COM, CORBA Bridges Emerge and Evolve

During the last few years, Microsoft Corp.’s Component Object Model (COM) and the Common Object Request Broker Architecture (CORBA) have developed side-by-side as competing methods of communication among distributed objects. Historically, COM and CORBA objects haven’t interacted well with one another. During the past several months, though, a number of independent software vendors unveiled initiatives on the COM/CORBA integration front.

In late May 1997, for example, Microsoft Corp. agreed to integrate its Microsoft Transaction Server with OrbixOTM, a CORBA-compliant middleware suite from Iona Technologies P.L.C. (Cambridge, Mass., www.iona.com). Other products that provide COM/CORBA integration are ObjectBridge, a COM-CORBA bridge from Visual Edge Software Ltd. (St. Laurent, Quebec, www.visualedge.com) and M3, an object transaction manager that supports both COM and CORBA from BEA Systems Inc. (Sunnyvale, Calif., www.beasys.com ).

More recently, InterNova Corp. (Westport, Conn., www.internova.com) released the Professional Edition of the Colibri Engine and Development Suite. Rather than providing COM/CORBA integration services, however, this product provides developers with the ability to create COM objects using Microsoft’s Visual Basic development environment and then bridge them with CORBA components using integrated scripting technology, such as VBA or Javascript.

While several tool vendors have developed similar technology – like the new version of Borland Delphi rapid application development (RAD) environment from Inprise Corp. (Scotts Valley, Calif., www.inprise.com), which can create components that are both COM- and CORBA-enabled -- InterNova’s Colibri Engine and Development Suite is one of the first tools that allows developers to employ discrete integrated development environments, such as Microsoft’s Visual Basic or Inprise’s Delphi, to do the actual development work.

According to Brock Hotaling, CEO of InterNova, because the Colibri Engine and Development Suite heavily leverages scripting technology, it provides COM to CORBA bridging functionality in an everything-under-the-hood development environment that requires very little experience in developing for either distributed component architecture.

"We have built into this engine a COM/CORBA bridge, so you don’t need to worry about whether you’re developing COM, or CORBA, or whatever. It’s all smooth," Hotaling says. "Our clients are scared of CORBA, scared of Java, and they just can’t find qualified people to do CORBA or Java programming. This allows them to hire different people, because a huge population of programmers knows how to do scripting."

The Colibri Development Engine functions by linking the Microsoft COM desktop environment and CORBA services via a COM-CORBA Bridge, then bridges to an ODBC- or JDBC-compliant database, such as Oracle 8 from Oracle Corp. or SQL Server from Microsoft, with automatic persistence mechanisms using ODBC/JDBC or native drivers.

In addition to a Colibri Client Suite, the Colibri Development Suite includes Colibri Studio, the Colibri Management Console and a CORBA Template Starter Kit, which features sample templates that enterprises can use to customize business services.

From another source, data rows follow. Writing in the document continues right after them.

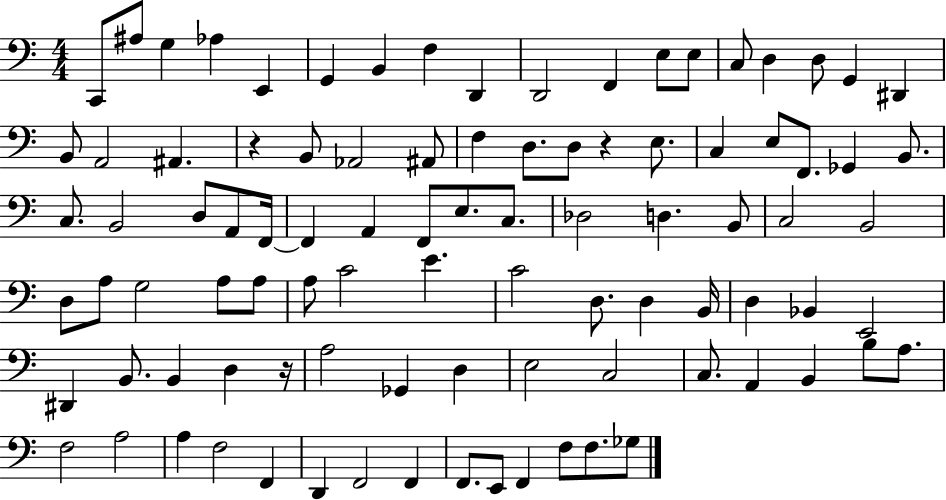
{
  \clef bass
  \numericTimeSignature
  \time 4/4
  \key c \major
  c,8 ais8 g4 aes4 e,4 | g,4 b,4 f4 d,4 | d,2 f,4 e8 e8 | c8 d4 d8 g,4 dis,4 | \break b,8 a,2 ais,4. | r4 b,8 aes,2 ais,8 | f4 d8. d8 r4 e8. | c4 e8 f,8. ges,4 b,8. | \break c8. b,2 d8 a,8 f,16~~ | f,4 a,4 f,8 e8. c8. | des2 d4. b,8 | c2 b,2 | \break d8 a8 g2 a8 a8 | a8 c'2 e'4. | c'2 d8. d4 b,16 | d4 bes,4 e,2 | \break dis,4 b,8. b,4 d4 r16 | a2 ges,4 d4 | e2 c2 | c8. a,4 b,4 b8 a8. | \break f2 a2 | a4 f2 f,4 | d,4 f,2 f,4 | f,8. e,8 f,4 f8 f8. ges8 | \break \bar "|."
} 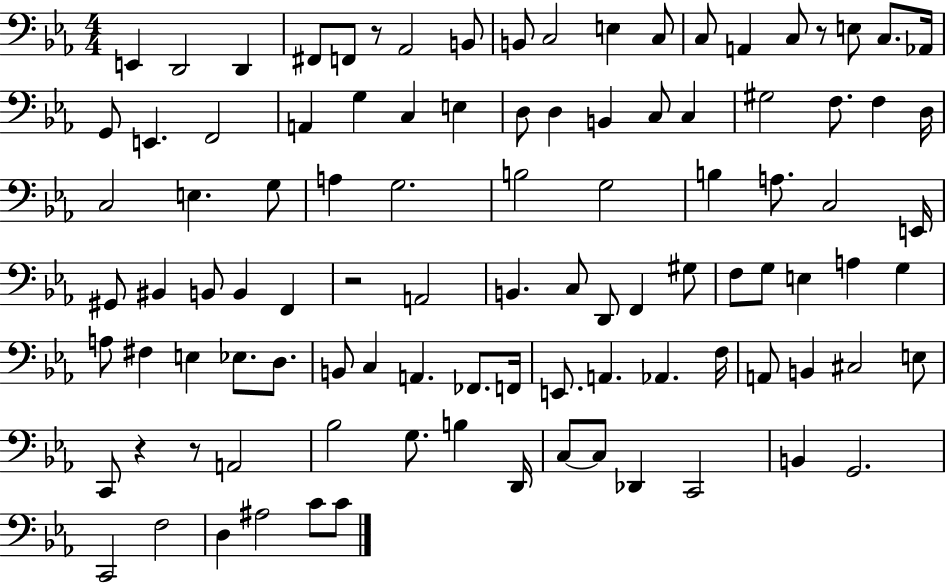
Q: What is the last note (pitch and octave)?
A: C4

InterNova’s Hotaling indicates that many of his company’s customers require COM/CORBA integration services because they are standardized on COM on the desktop and on CORBA in the backend. In Hotaling’s account, this isn’t about to change anytime soon. Although CORBA is a newer, sexier technology, it simply doesn’t have the maturity or functionality of COM on the client-side. "To be honest with you, right now the Microsoft desktops are just far and away better than their CORBA counterparts," he explains.

Mike Gilpin, vice president and senior analyst, research services, with consult Giga Information Group (Norwell, Mass., www.gigaweb.com), concurs, but cautions client-side application developers must now be attuned to the presence of the CORBA standard in the backroom. "I think that everybody knows that COM has established a firm ownership of the desktop environment as a standard, but what’s making this integration more important is that in the context of Internet standards CORBA is gaining more popularity, particularly in the areas of Java and Enterprise Java Beans functionality (EJB)," Gilpin notes. "Anyone who wants to create an application available in a Windows environment now needs to provide some sort of interoperability solution [between COM and CORBA]."